A band like us, we live on the road; it’s such an essential part of our progression and our evolution as a band. It’s been fucking weird to not have that on the menu. The relief and the excitement levels about coming to the States to play some shows is through the roof. We’re just grateful that we can tour. There’s a simplicity to touring the States for us; we play smaller venues, [and] we’re all on the bus together. It’s kind of old-school touring for us, and that’s what we need, to get back to being a gang going town to town.
There’s something very beautiful about that. It’s primarily about being together with each other onstage, sharing music with fans in the room; I can’t begin to tell you how much we’ve missed that. If you’re not making music with your buddies, what the fuck are you doing? That’s how I feel.
Away from those moments spent onstage, there must be an excitement about getting to reengage with the simple pleasures of traveling the world — do you think the experiences of the past few years have made you reconnect with some of those joys that maybe, over many years of touring, lose their appeal and become “part of the job”?
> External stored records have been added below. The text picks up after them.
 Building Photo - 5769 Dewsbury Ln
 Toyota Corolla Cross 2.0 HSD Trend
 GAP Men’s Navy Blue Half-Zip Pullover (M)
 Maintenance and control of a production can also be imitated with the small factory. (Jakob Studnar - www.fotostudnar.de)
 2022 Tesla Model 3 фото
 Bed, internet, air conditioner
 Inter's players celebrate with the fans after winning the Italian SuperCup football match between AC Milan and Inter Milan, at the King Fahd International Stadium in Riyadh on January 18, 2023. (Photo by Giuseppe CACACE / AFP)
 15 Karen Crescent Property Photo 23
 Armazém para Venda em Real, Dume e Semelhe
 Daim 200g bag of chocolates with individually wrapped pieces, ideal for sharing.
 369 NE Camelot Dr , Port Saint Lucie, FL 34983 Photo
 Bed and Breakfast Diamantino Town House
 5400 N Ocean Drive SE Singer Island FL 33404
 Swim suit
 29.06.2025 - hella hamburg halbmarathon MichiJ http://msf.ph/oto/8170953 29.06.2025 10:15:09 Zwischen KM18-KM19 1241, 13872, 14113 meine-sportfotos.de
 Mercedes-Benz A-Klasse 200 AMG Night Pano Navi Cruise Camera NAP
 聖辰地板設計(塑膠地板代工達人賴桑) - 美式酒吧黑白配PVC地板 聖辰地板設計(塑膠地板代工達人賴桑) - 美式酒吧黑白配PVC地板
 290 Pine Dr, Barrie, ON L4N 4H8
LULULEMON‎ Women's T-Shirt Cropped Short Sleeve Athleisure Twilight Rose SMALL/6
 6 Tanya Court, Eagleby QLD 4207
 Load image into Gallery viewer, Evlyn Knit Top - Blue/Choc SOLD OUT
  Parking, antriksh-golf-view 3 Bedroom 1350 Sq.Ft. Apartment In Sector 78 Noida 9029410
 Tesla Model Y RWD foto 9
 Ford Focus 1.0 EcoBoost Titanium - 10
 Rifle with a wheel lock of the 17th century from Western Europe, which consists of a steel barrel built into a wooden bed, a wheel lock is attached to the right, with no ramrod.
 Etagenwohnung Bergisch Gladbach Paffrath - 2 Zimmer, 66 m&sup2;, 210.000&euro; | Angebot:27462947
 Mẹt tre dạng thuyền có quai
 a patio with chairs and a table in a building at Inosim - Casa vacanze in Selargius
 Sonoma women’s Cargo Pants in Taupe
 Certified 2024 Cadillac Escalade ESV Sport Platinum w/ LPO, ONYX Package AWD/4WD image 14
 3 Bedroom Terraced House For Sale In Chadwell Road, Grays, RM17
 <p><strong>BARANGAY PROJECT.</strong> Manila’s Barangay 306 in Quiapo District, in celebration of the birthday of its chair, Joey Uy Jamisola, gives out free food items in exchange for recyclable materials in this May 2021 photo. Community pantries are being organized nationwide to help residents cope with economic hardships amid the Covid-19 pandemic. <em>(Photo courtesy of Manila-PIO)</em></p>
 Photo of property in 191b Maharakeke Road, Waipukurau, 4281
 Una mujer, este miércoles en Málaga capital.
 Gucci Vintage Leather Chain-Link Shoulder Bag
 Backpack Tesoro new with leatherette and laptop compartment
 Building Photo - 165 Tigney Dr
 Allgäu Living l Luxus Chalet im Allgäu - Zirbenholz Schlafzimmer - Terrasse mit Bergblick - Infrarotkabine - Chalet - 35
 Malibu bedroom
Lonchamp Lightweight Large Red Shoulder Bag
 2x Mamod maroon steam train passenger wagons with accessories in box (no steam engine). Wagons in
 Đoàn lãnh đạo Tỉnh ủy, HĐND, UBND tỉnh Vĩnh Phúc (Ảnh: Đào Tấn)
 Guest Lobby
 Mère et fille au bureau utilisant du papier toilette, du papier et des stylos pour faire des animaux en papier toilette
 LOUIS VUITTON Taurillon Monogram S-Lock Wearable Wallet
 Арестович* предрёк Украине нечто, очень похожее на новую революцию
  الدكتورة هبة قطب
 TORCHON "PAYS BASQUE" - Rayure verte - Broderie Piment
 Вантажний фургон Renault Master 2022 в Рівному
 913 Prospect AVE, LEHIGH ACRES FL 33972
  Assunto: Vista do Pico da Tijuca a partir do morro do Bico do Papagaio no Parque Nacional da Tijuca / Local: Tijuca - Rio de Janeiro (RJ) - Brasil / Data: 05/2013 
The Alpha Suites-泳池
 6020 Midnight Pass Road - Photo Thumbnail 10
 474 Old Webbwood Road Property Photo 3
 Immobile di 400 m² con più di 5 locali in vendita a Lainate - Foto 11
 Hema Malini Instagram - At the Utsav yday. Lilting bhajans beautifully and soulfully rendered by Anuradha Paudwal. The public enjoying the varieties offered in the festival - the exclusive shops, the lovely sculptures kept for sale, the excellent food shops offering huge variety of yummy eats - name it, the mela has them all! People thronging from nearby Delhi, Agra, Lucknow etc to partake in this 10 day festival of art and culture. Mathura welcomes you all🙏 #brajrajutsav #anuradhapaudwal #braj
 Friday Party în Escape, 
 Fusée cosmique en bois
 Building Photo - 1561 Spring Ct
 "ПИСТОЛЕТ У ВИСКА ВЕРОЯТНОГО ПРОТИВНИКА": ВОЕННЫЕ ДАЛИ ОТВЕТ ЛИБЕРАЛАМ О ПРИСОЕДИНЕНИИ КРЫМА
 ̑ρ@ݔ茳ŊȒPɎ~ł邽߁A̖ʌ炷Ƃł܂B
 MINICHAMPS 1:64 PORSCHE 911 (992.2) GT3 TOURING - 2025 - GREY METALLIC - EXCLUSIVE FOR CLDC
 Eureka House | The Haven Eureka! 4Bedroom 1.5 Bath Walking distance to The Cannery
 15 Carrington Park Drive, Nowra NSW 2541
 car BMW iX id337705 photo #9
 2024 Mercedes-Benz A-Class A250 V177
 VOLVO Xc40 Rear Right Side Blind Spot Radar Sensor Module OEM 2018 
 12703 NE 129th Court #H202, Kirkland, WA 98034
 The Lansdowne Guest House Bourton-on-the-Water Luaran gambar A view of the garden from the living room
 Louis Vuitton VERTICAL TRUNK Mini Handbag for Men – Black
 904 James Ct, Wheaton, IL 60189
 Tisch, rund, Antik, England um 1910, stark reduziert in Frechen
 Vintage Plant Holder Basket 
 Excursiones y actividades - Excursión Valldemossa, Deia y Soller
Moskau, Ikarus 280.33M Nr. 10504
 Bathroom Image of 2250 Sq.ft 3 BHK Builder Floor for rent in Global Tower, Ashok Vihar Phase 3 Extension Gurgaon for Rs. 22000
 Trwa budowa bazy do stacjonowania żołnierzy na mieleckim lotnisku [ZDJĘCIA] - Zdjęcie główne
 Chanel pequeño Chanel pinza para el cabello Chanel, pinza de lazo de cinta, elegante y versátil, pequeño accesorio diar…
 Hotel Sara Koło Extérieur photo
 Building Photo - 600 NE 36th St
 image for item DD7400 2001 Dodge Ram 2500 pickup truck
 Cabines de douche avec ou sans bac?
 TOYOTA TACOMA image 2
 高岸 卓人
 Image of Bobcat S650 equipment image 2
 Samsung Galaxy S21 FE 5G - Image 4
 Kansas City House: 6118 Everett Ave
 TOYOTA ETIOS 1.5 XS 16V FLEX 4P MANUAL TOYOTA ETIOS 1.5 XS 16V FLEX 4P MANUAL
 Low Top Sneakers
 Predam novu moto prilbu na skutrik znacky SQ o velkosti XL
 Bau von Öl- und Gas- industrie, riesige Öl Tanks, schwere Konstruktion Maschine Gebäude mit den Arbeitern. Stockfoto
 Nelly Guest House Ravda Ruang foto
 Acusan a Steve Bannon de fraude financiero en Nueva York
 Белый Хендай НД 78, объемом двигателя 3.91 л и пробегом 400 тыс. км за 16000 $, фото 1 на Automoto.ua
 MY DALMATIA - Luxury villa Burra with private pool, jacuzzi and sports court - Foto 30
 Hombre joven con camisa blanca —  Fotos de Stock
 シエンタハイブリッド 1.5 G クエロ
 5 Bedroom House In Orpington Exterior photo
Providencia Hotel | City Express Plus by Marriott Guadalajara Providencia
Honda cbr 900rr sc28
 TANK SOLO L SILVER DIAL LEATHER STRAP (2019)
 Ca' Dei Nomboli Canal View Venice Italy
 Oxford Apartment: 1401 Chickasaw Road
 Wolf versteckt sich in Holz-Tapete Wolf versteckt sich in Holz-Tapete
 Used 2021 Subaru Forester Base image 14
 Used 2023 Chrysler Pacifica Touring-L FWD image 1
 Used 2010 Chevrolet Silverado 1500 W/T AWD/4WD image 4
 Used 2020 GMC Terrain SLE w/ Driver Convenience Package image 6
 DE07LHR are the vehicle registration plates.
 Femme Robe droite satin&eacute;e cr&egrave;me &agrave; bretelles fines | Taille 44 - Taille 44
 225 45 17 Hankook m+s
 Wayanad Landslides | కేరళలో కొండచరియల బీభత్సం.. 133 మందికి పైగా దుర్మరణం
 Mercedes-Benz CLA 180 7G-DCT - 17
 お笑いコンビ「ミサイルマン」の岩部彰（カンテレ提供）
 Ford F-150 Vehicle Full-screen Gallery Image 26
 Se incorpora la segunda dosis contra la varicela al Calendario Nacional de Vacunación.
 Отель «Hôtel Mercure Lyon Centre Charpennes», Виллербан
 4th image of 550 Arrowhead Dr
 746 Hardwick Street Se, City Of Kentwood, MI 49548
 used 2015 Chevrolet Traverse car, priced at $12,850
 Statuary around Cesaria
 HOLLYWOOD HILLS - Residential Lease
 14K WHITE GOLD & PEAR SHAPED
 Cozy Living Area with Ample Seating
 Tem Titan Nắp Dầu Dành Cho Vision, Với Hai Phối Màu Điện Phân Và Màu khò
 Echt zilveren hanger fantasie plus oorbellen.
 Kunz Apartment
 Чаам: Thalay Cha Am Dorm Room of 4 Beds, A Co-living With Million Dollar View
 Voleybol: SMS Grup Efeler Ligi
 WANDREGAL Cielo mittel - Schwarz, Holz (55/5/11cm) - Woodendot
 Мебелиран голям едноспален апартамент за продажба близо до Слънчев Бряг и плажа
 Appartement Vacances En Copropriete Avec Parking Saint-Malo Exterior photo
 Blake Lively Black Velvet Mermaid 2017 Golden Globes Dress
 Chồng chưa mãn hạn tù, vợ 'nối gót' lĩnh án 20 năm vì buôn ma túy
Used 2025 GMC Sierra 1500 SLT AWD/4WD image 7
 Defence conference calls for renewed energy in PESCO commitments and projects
It’s impossible to tour for 15 or 20 years and not slowly get into that habitual mode where you just get into a rhythm. Every moment of this tour is going to matter; from the moment we step on the plane to fly to the States, those moments that used to wind you up and that we’ve always described as the “unnecessary parts” — spending 23 hours a day waiting for an hour onstage — that doesn’t fucking apply this time. The most exciting thing is to be traveling together, to getting back to that essence of what a band truly is: a group of friends getting out and seeing the world, and trying to convert people to our music town by town. The simplicity of that has been missing.
If you’ve done maybe 100 gigs in one year, it’s hard for the 101st to not just be “another gig,” and it just feels so valuable and essential now. We felt lucky last year, as there was a small window in the U.K. where we were able to get out and play for a week, but it was such a tease. I feel everyone has simplified their approach to life; when I play a show, I just want to feel amazing and make other people feel amazing, but I’m not going to beat myself up now if I play a wrong chord or my voice is a bit tired. None of that matters anymore. It’s just about that transference of energy and sharing in something. It’s life-affirming. I feel that music has found its purity again; that connection between bands and fans has become deeper.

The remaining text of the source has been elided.